İşte bugün bahse konu etik kurallar böyle bir tartışmadan çıktı.
Amerikan medyası ve siyaseti bir süredir muhafazakar kanatta yer alan hakimlerden Clarence Thomas’ın işadamı arkadaşının sponsorluğunda yaptığı tatilleri tartışıyordu.
ProRepublica’da çıkan habere göre (bu arada tabi ki bu haberi yapan gazeteciler tutuklanmadı, soruşturma konusu yapılmadı) hakim Thomas, arkadaşı Crow’un finanse ettiği tatillere çıkmış, yatıyla seyahat etmiş.
Hakim Thomas ise bu kişisel tatilleri rapor etmesi gerekmediği şeklinde bir savunma yaptı. Thomas arkadaşlıklarının kişisel olduğunu, Crow’un yasal ya da siyasi konularda kendisinden bir talebinin olmadığını iddia etti.

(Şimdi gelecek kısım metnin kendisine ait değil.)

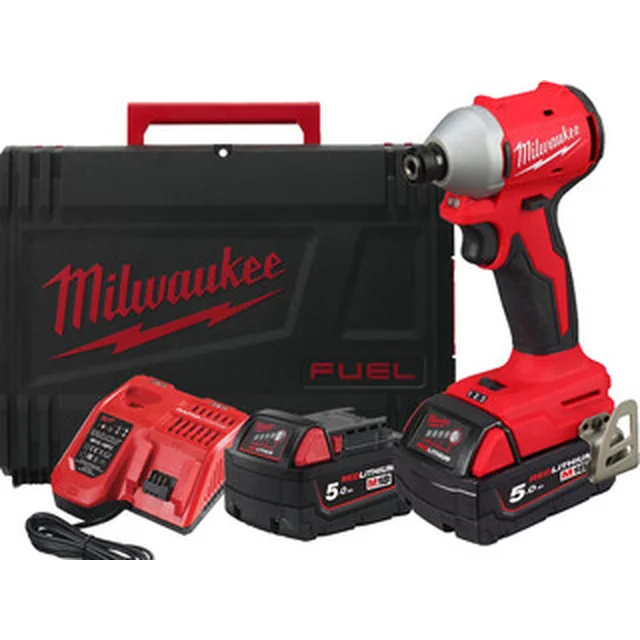 Avvitatore a percussione a batteria Milwaukee M18 BLIDR-502X 18 V | 190 Nm | 1/4 bit | Senza spazzole in carbonio | Batteria 2 x 5 Ah + caricabatteria | In custodia resistente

Ancak senato üyeleri soruşturma açılması talebinde ısrarlılar. Çünkü federal yargıçlar gibi yüksek mahkeme yargıçlarının da aldıkları hediyeleri beyan etmesi gerekiyor.
Bu arada mahkemenin en muhafazakar yargıcı olarak bilinen Thomas, 1991 yılında dönemin ABD Başkanı George Bush tarafından atanmıştı. Yani çok uzun süredir o koltukta oturan bir isim.

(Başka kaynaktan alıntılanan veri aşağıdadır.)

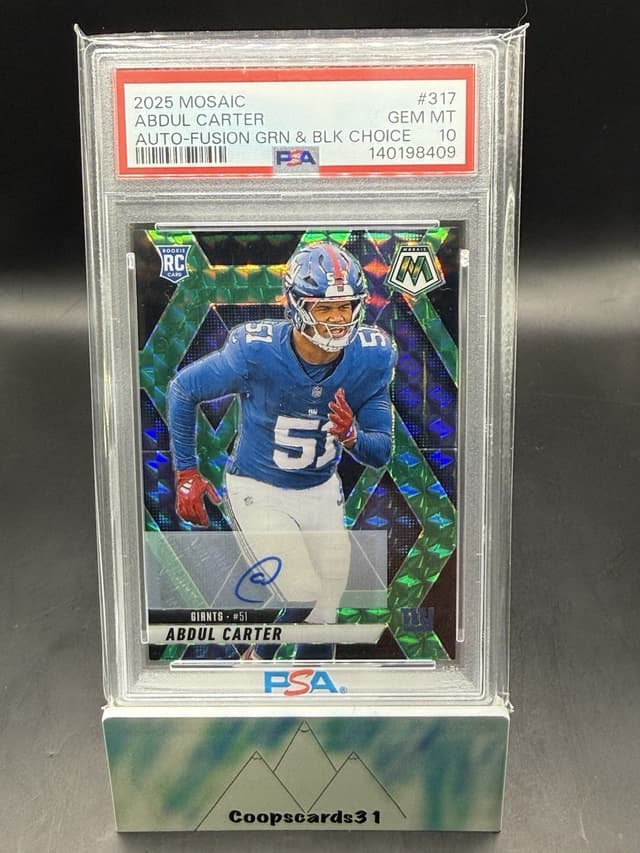 Abdul Carter Panini Mosaic #317 Autograph-Fusion Green & Black Choice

ABD Anayasa Mahkemesi bu tartışmalar üzerine mahkeme üyelerinin uyması gereken etik kodları bir basın açıklaması ile duyurdu.
234 yıllık mahkeme tarihine böyle bir olay ilk kez yaşandı.
Dokuz sayfalık mesleki etik kurallar da hakimlerin kişisel ilişkilerin işlerini etkilememesi gerektiği hatırlatılıyor, hediye kabullerine sınırlamalar getiriyor.
Peki listede neler var?
Aslında liste de bilinmeyecek ya da şaşırtacak bir düzenleme yok.
Ancak hiçbir kuralın olmadığı Türkiye gibi ülkelerde böyle şeyleri hayal etmek bile mümkün değil tabi.
Aslında mahkemenin yayınladığı etik kodları tercüme edip aynen yazıya koymak iyi olabilirdi.
Ancak çok uzun bir yazı olacağı için linki şuraya koyuyorum. (BKNZ)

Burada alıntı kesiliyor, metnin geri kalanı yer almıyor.